What the exercise asks> From the first line onward, reproduce the records exactly; the final line to include is the one holding "PENNY Akciós újság".

[Records drawn from a dataset]
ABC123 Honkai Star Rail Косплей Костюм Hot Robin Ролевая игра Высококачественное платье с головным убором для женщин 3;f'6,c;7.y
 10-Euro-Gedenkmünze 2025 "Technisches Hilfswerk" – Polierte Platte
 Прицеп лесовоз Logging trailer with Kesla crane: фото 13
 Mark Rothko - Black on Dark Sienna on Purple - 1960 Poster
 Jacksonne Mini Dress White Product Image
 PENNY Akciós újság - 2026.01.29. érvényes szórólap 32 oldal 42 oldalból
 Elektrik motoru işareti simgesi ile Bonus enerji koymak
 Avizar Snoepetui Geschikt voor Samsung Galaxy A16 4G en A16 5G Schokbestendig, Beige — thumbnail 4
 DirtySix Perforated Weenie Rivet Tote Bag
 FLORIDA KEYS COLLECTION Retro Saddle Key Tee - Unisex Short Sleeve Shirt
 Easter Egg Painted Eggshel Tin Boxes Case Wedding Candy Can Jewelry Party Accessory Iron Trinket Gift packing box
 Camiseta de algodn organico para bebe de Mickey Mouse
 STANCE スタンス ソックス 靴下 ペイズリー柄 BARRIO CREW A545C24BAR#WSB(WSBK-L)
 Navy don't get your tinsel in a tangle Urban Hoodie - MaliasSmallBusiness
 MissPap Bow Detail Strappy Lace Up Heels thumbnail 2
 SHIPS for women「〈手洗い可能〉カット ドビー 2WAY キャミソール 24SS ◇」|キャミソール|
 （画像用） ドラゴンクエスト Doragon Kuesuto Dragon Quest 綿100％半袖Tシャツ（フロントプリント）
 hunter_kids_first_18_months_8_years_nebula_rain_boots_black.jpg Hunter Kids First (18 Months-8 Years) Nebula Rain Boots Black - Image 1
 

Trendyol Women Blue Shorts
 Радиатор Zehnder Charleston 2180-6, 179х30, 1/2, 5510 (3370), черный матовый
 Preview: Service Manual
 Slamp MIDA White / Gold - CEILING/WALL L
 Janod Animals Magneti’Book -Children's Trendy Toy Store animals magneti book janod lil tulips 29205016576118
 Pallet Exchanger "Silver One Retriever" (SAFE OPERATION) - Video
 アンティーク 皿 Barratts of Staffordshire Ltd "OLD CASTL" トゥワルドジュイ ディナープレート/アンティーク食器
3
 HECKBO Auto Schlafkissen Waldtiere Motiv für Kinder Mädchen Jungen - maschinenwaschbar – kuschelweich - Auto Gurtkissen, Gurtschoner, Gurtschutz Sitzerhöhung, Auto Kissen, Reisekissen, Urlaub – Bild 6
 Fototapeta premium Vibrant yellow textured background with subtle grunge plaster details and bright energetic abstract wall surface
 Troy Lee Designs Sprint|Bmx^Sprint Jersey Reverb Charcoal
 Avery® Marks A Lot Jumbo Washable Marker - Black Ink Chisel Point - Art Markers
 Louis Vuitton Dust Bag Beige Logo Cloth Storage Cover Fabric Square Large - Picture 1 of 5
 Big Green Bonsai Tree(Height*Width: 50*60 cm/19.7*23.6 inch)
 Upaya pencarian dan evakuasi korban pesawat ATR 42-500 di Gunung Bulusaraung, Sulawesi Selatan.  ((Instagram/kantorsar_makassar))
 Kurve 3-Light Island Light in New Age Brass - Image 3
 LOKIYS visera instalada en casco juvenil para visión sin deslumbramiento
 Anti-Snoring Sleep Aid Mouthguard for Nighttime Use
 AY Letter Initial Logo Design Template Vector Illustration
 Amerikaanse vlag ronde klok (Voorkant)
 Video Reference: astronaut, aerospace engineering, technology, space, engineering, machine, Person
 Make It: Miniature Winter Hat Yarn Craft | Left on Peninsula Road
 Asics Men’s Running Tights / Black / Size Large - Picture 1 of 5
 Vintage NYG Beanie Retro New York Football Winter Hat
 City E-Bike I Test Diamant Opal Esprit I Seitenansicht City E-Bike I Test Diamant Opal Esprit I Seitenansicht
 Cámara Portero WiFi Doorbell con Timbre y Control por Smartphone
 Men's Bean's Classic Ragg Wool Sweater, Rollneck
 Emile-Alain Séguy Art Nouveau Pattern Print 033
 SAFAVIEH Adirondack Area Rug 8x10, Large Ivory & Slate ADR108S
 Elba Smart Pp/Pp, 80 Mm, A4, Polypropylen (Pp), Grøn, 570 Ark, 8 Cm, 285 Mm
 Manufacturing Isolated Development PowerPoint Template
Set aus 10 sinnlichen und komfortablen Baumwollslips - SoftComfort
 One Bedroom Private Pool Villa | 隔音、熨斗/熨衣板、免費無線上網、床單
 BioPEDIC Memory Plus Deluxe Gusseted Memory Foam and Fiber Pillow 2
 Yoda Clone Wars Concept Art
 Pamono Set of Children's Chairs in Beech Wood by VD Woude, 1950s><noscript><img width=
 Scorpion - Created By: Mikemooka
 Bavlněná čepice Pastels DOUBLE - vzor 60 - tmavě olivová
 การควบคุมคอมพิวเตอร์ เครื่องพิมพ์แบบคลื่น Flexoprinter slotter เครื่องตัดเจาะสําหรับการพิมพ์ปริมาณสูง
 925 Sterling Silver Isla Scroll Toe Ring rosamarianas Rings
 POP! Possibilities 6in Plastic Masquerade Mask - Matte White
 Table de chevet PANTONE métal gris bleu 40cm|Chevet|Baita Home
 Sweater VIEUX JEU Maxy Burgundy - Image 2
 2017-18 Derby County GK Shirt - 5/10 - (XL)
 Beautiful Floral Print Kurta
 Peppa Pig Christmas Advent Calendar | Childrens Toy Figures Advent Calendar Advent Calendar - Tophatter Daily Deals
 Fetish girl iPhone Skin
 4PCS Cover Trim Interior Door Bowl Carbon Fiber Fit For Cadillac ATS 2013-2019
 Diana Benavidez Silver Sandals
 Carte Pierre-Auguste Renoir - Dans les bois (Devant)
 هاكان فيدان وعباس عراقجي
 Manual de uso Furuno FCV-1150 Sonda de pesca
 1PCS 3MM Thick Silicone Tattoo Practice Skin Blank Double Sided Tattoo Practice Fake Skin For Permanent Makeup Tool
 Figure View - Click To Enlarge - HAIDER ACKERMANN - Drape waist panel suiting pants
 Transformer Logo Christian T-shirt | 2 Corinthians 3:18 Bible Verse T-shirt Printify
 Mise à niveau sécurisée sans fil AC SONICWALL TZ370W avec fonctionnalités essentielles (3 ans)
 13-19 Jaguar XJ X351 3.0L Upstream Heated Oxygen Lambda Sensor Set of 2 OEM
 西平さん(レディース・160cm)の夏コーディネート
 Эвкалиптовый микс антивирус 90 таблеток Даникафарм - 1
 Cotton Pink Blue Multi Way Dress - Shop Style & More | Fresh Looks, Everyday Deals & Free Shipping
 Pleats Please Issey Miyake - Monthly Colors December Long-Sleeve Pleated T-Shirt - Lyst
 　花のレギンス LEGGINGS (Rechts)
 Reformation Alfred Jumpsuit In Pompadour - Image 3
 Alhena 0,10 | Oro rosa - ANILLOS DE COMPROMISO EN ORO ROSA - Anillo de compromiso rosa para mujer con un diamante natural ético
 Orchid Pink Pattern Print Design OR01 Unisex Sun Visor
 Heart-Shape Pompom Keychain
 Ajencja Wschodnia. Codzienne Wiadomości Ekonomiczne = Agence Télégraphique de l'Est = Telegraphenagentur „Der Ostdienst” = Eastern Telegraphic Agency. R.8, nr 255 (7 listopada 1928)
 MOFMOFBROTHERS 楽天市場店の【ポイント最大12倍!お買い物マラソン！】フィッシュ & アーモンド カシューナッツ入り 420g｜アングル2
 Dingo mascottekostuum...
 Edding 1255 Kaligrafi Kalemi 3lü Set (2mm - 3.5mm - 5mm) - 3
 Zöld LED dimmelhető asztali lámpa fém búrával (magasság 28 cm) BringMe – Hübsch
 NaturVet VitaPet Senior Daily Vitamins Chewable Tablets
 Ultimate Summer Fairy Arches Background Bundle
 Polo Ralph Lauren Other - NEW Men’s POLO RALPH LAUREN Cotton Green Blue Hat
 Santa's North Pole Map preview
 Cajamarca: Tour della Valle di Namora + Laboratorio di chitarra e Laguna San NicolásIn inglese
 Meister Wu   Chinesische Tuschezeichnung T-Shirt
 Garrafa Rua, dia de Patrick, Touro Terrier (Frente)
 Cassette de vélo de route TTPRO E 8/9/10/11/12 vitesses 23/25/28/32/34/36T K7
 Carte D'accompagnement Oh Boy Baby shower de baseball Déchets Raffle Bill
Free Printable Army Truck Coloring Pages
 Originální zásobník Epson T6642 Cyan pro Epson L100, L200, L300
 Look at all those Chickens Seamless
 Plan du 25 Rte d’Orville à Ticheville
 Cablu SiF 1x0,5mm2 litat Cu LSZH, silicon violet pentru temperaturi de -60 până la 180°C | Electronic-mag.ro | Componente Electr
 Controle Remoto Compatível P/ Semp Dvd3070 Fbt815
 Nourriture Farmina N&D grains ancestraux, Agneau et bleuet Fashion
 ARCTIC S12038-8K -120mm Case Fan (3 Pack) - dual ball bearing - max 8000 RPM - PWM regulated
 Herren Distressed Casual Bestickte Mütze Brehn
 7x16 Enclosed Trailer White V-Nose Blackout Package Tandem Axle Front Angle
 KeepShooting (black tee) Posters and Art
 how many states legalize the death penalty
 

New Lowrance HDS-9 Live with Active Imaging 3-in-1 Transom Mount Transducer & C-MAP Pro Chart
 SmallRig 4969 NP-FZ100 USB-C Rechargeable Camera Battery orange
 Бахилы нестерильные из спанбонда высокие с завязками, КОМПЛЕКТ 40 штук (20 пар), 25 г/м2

Answer box>
ABC123 Honkai Star Rail Косплей Костюм Hot Robin Ролевая игра Высококачественное платье с головным убором для женщин 3;f'6,c;7.y
 10-Euro-Gedenkmünze 2025 "Technisches Hilfswerk" – Polierte Platte
 Прицеп лесовоз Logging trailer with Kesla crane: фото 13
 Mark Rothko - Black on Dark Sienna on Purple - 1960 Poster
 Jacksonne Mini Dress White Product Image
 PENNY Akciós újság - 2026.01.29. érvényes szórólap 32 oldal 42 oldalból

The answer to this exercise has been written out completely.